Activity:
Retype the lines below exactly, but only those from the line that has "Female Yoga Weekender" through the line that has "This wide-field view". Omit every picture.

Data:
[Start of Attachment]
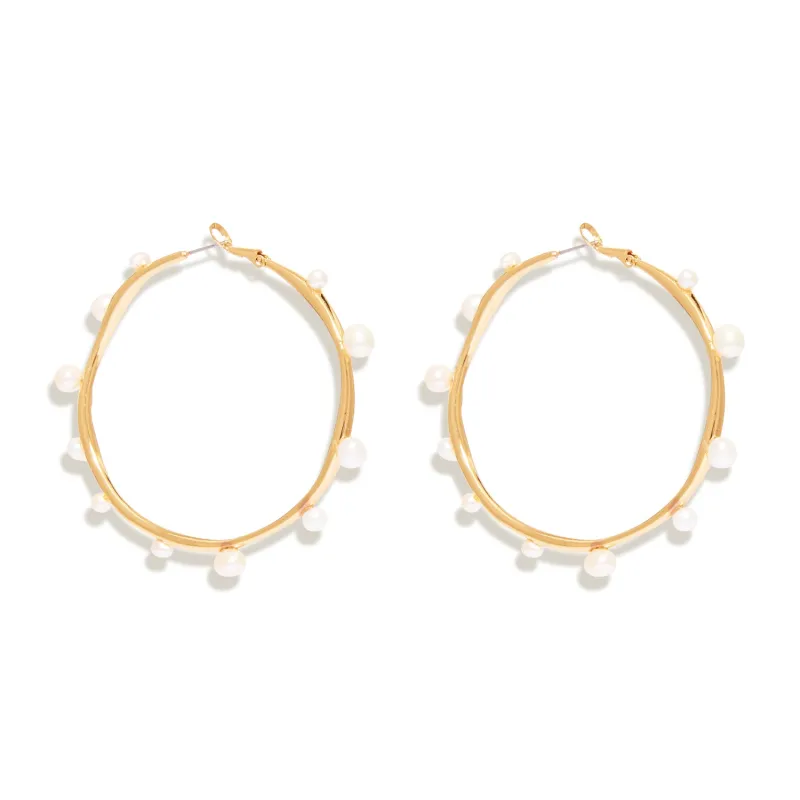 Isla Pearl Hoop Earrings sold by Mignonne Gavigan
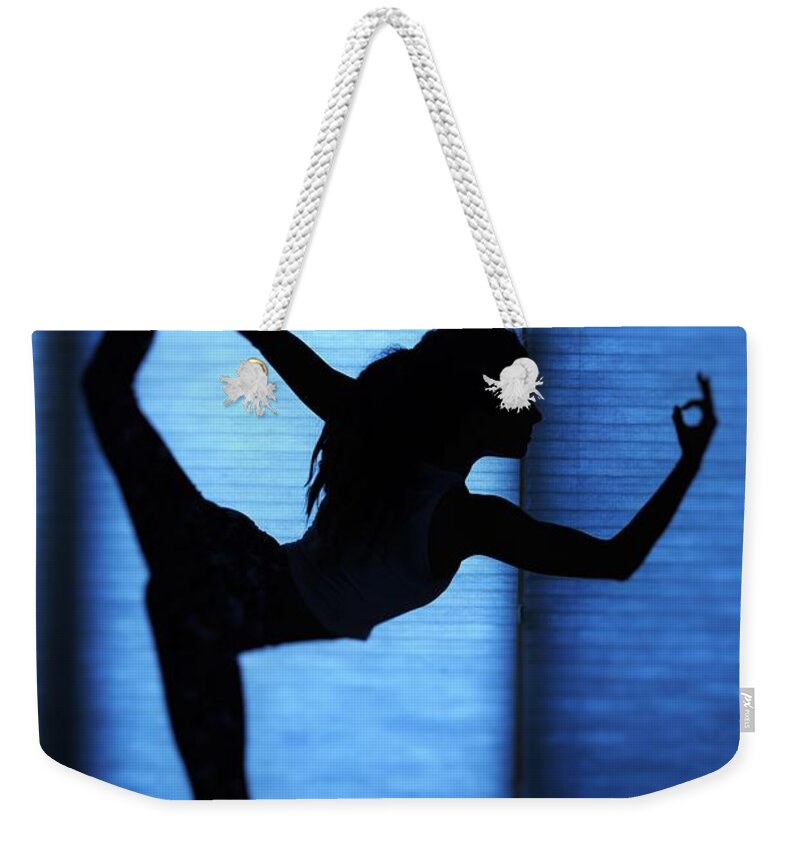 Female Yoga Weekender Tote Bag featuring the photograph Yoga by Tom Hufford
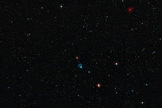 This wide-field view shows the sky around the planetary nebula Abell 33, which appears as the ghostly blue circle near the centre of the picture. Image released April 9, 2014.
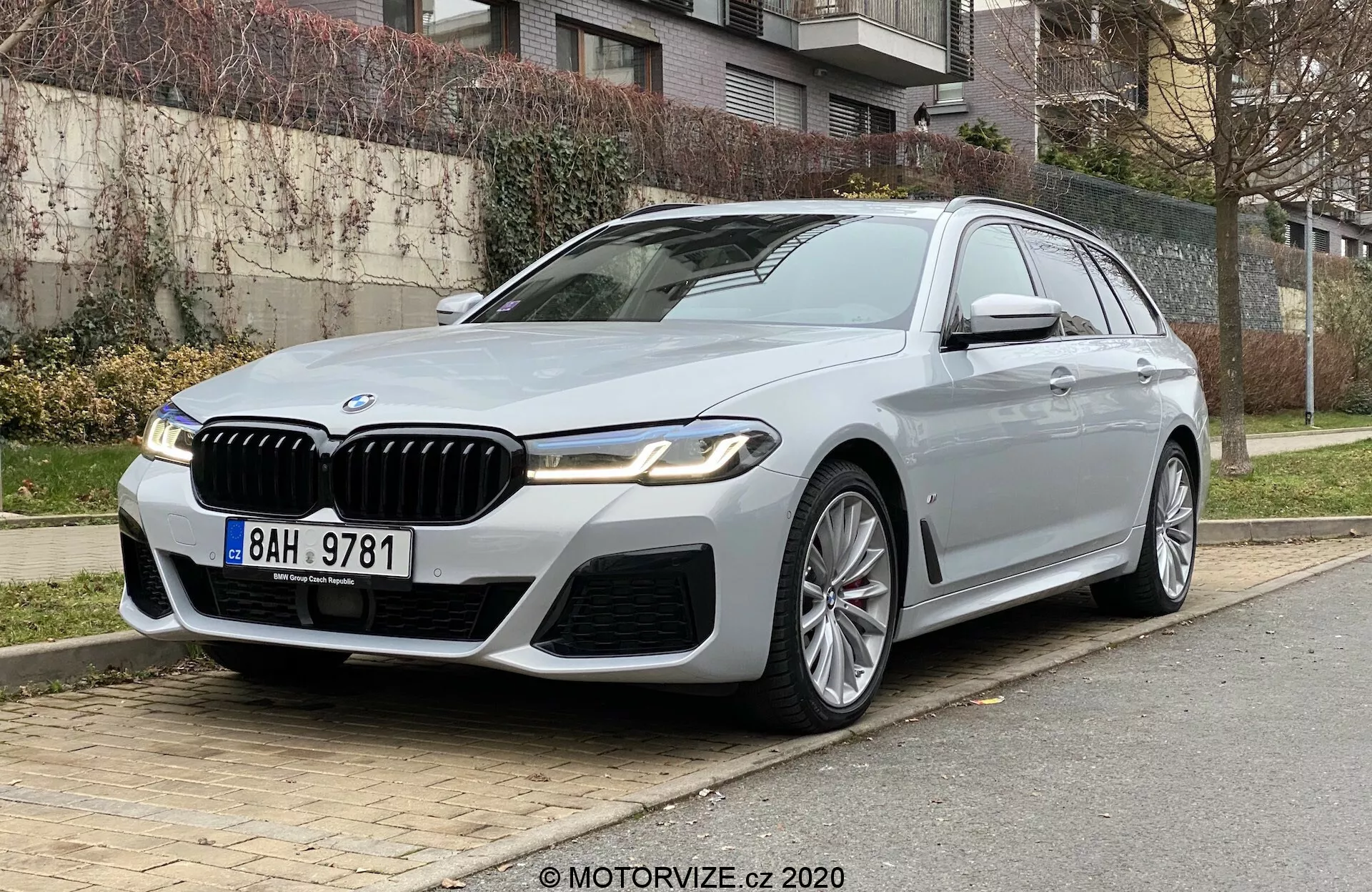 Luksusowe BMW 520i Touring zaparkowane na miejskiej ulicy, widziane z niskiego przedniego trójkątnego ujęcia, podkreślającego przód i bok kierowcy. Samochód cechuje się prominantną kratką nerkową z chromowanymi detalami, eleganckimi reflektorami LED, sportowym przednim zderzakiem i wyraźnymi zagięciami na masce. Wieloramienne felgi aluminiowe, lusterka boczne z kierunkowskazami i kamerą, chromowane ramy okien oraz szyberdach dodają luksusowego wyglądu. Ustawiony po prawej stronie z trawą, krzewami i budynkami mieszkalnymi w tle sugerują zaawansowaną technologię i ekskluzywny design.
[End of Attachment]
Output for this exercise:
 Female Yoga Weekender Tote Bag featuring the photograph Yoga by Tom Hufford
 This wide-field view shows the sky around the planetary nebula Abell 33, which appears as the ghostly blue circle near the centre of the picture. Image released April 9, 2014.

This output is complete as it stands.